▶ **WORK REQUIRED**
In these records, how many lines contain "beige"? Please reply with the number only.

▶ **STUDY MATERIAL**
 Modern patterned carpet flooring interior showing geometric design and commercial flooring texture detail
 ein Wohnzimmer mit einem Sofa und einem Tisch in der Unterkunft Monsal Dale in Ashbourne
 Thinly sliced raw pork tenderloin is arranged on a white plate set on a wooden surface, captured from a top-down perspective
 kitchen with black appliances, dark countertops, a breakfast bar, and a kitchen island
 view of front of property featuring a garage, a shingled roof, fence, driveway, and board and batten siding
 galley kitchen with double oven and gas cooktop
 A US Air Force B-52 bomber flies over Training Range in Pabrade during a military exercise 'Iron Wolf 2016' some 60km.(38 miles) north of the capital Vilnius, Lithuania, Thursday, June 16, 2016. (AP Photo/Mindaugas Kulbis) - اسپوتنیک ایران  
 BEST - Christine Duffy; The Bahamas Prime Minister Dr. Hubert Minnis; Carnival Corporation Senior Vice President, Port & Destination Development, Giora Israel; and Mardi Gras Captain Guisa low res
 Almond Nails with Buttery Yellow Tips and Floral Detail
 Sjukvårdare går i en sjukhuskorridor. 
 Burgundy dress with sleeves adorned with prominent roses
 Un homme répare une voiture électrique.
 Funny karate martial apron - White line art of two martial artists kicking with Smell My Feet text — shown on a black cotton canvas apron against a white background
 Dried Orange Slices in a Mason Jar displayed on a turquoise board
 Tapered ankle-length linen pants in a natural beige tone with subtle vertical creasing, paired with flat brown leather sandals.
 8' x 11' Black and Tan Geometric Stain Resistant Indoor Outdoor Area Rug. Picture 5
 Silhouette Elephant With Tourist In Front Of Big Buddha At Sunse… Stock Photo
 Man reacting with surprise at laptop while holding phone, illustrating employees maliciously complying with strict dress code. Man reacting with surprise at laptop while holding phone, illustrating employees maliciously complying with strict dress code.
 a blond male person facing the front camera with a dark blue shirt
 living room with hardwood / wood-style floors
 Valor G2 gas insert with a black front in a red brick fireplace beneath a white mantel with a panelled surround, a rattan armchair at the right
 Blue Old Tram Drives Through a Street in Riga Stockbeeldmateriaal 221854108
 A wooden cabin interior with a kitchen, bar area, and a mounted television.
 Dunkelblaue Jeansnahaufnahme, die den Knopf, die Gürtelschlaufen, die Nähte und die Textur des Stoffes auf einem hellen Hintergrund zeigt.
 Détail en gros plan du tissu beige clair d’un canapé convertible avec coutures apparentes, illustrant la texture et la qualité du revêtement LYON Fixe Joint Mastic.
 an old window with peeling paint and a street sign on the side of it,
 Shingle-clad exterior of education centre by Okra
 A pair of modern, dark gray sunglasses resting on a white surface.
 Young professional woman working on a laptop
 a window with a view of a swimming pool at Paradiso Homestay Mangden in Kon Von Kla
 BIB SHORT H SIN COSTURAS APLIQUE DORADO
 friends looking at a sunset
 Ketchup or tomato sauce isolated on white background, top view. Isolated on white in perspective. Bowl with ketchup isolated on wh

▶ **YOUR RESPONSE**
2